*Problem statement*. Print the lines below from the line with "Alpine Dry 8.0" to the line with "Peugeot 3008 1.6" exactly, keeping both ends, and print no pictures.
**** Material for the task ****
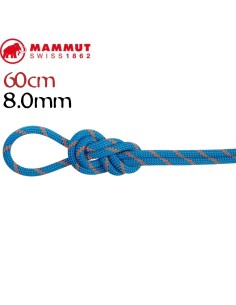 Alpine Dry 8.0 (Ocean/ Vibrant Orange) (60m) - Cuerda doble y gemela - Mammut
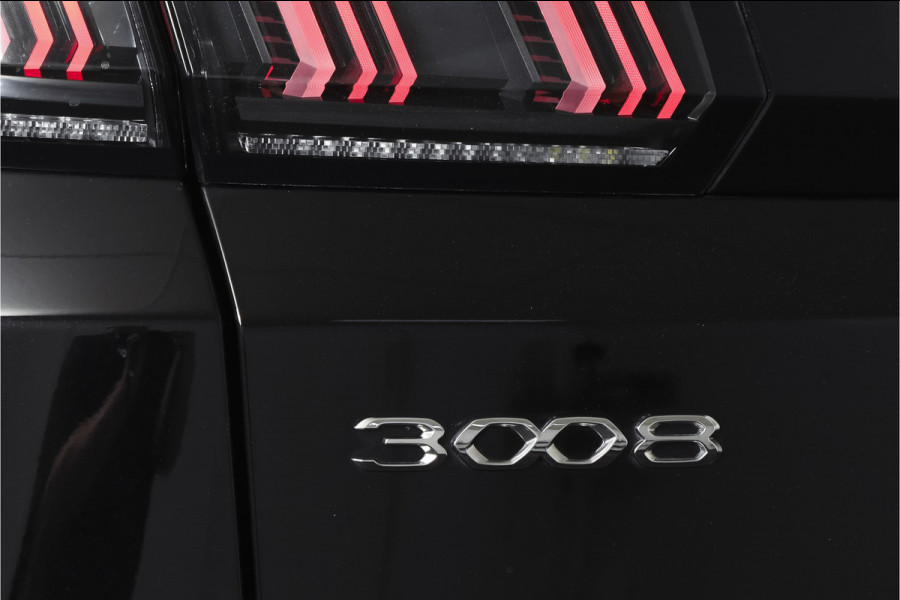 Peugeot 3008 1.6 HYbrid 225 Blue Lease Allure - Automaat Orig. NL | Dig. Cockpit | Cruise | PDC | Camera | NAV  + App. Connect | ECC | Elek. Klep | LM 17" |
****
**** Material for the task ****
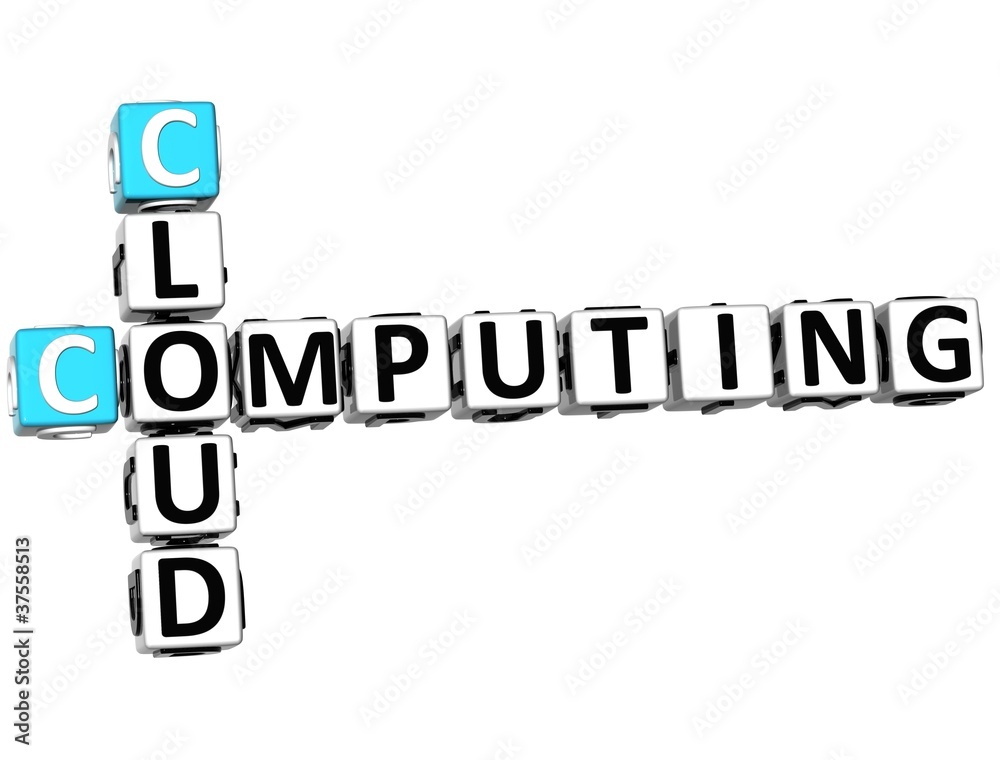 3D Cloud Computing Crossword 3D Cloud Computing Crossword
****
**** Material for the task ****
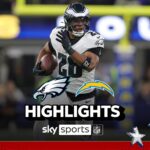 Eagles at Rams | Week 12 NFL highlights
****
*Exercise solution*.
 Alpine Dry 8.0 (Ocean/ Vibrant Orange) (60m) - Cuerda doble y gemela - Mammut
 Peugeot 3008 1.6 HYbrid 225 Blue Lease Allure - Automaat Orig. NL | Dig. Cockpit | Cruise | PDC | Camera | NAV  + App. Connect | ECC | Elek. Klep | LM 17" |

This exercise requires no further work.